= Instructions for the task =
In the records below, find the line containing "Hòa Minzy thướt" and return it together with every later line, exactly as written; pictures are to be omitted.

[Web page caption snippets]
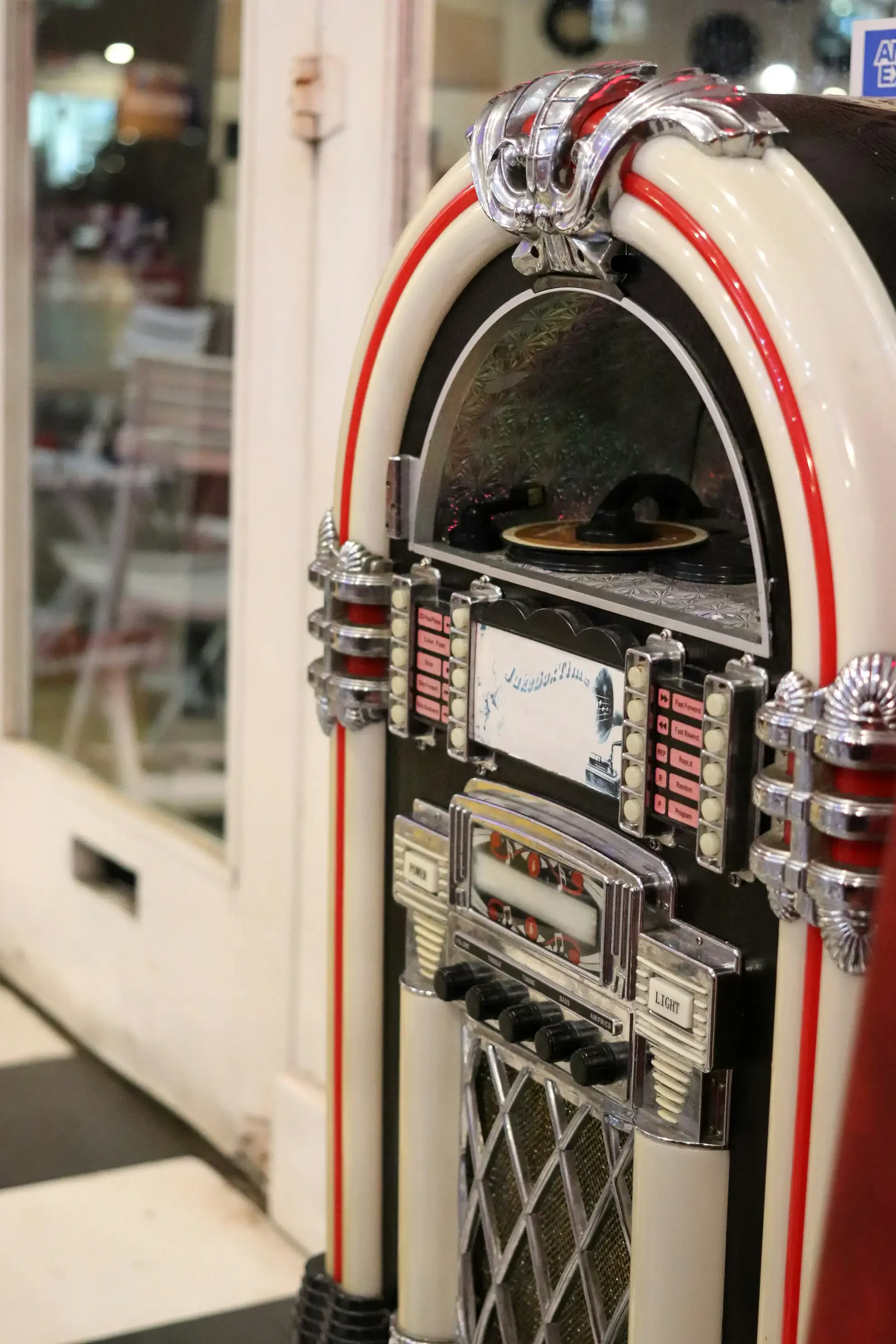 Jukebox année 50  illustrant le storytelling de la campagne publicitaire Orchestra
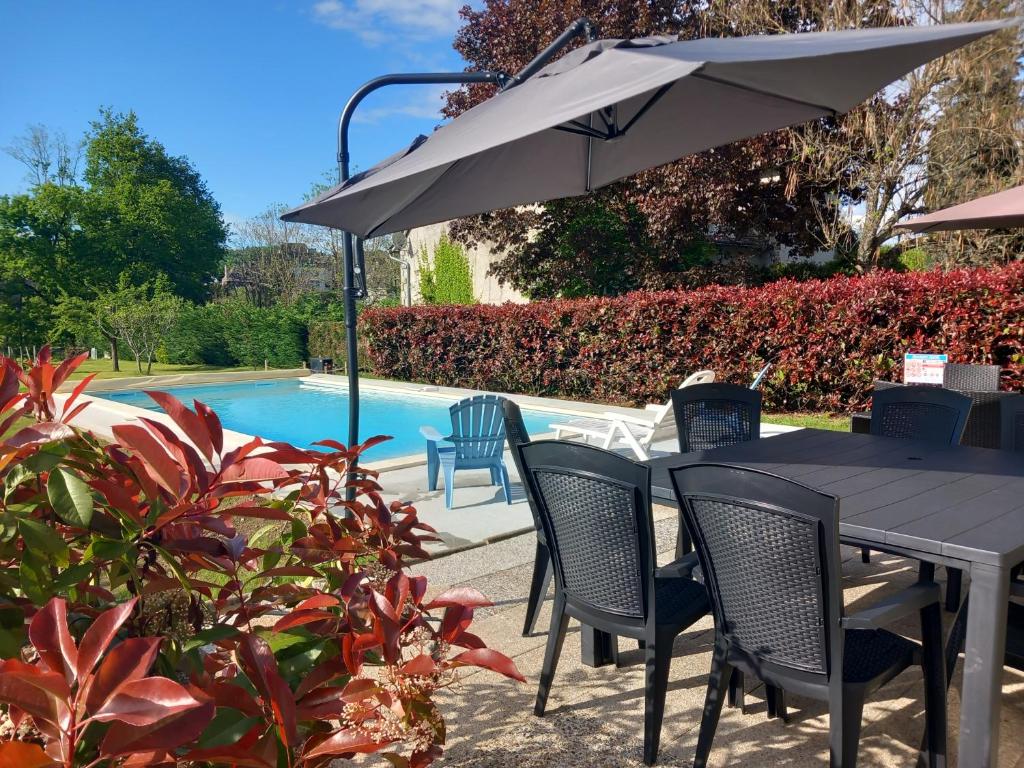 Maison tout confort avec piscine chauffée au bord des rives de la Dordogne photo 2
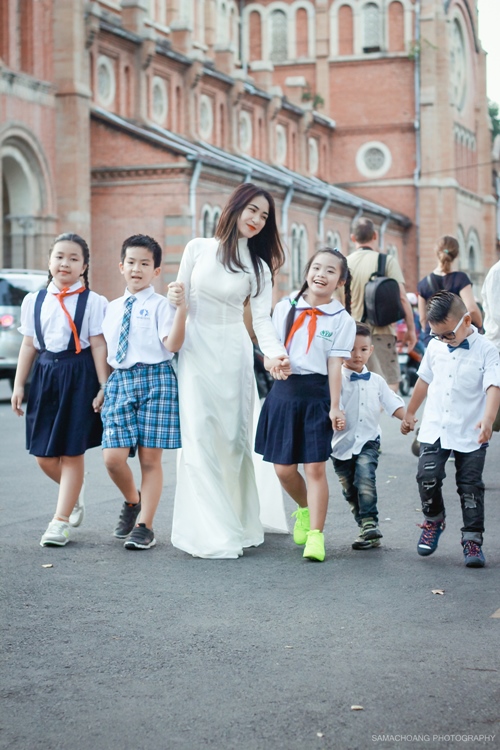 Hòa Minzy thướt tha áo dài xinh như thiên thần - 10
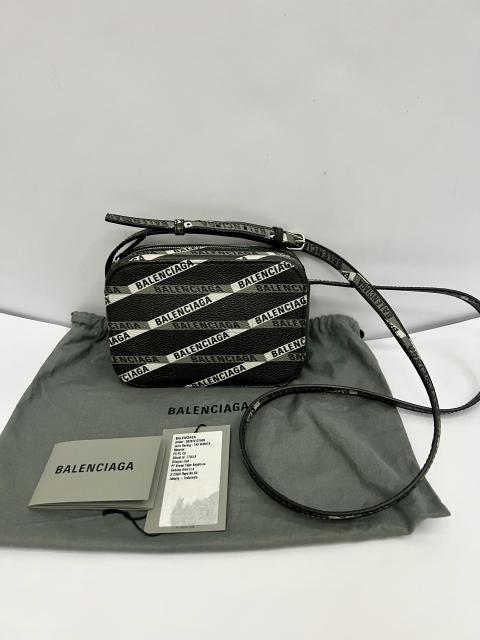 Large Product Preview Image 10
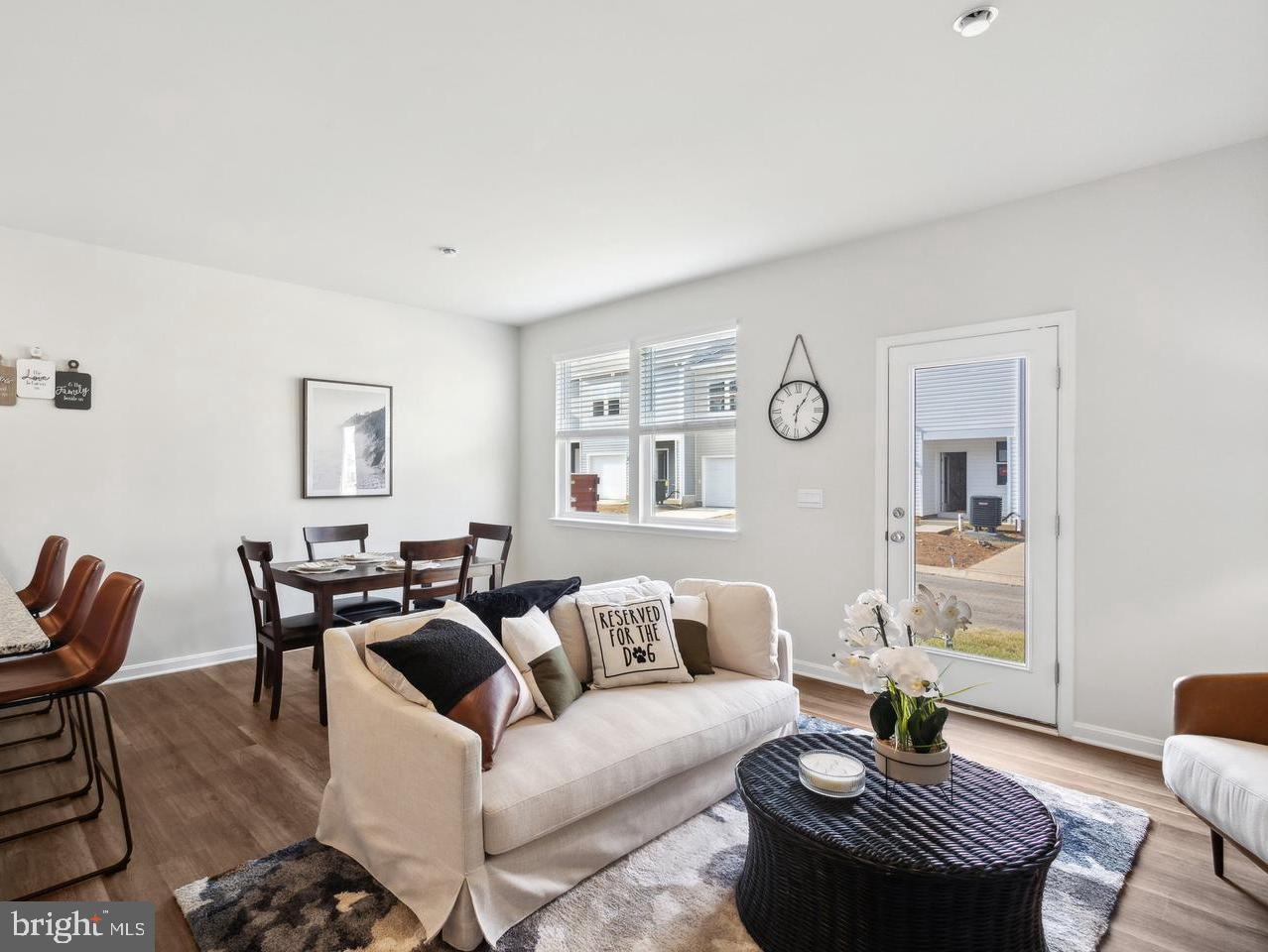 VALLEY VIEW - Residential Lease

= Exercise result =
 Hòa Minzy thướt tha áo dài xinh như thiên thần - 10
 Large Product Preview Image 10
 VALLEY VIEW - Residential Lease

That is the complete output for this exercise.